I can’t rely on my son for anything. I was recently thrown out by my ex-partner, and I had to beg my boy to be allowed to stay at his place. Even then he insisted I pay for my food and accommodation. One evening he opened a bottle of wine, and I had to ask for a glass.

He has always been supremely selfish and unhelpful. Other friends get flowers and nice lunches from their kids; I get nothing. I’m now crashing with an old friend.

There’s no doubt that my son views me as a major pain – and that hurts. He’s 28.

JANE SAYS: Are you inclined to remind your son of the all the wonderful things you’ve done for him over the years? All the meals you cooked, the clothes you washed and the messes you cleared up? He sounds supremely cruel and ungrateful.

I urge you to put him out of your mind for the time being. Concentrate on getting back on your feet again.

Then, once you’re feeling more secure and settled, you could suggest an honest chat.

It’s a shame that he’s not more caring but we’re all different. Once you’re stronger then you both decide what kind of relationship you’re comfortable with moving forward. Perhaps he’ll become more caring and generous with age? We can only hope…

Free for all

I’m sick of my family and friends making demands of me.

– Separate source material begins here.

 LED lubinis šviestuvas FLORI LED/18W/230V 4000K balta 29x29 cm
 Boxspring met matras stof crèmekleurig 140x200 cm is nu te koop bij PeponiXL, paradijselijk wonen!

A month ago, I sent out ‘save the date’ notices for my 40th birthday bash. People are already demanding plus one’s; special meals and even lifts to the venue. One mate is miffed that her daughter and her three children haven’t been invited, even though I don’t know them. What is it with folk?

JANE SAYS: This will be your special day – and you are entitled to do things your way. Only invite the people you know and love and politely tell the others that numbers are limited. If they don’t like that, then bad luck. It sounds like your family, and friends have a strong sense of entitlement, but not everyone can attend every event. Stick to your guns and don’t be intimidated or feel inclined to waste your money on leeches.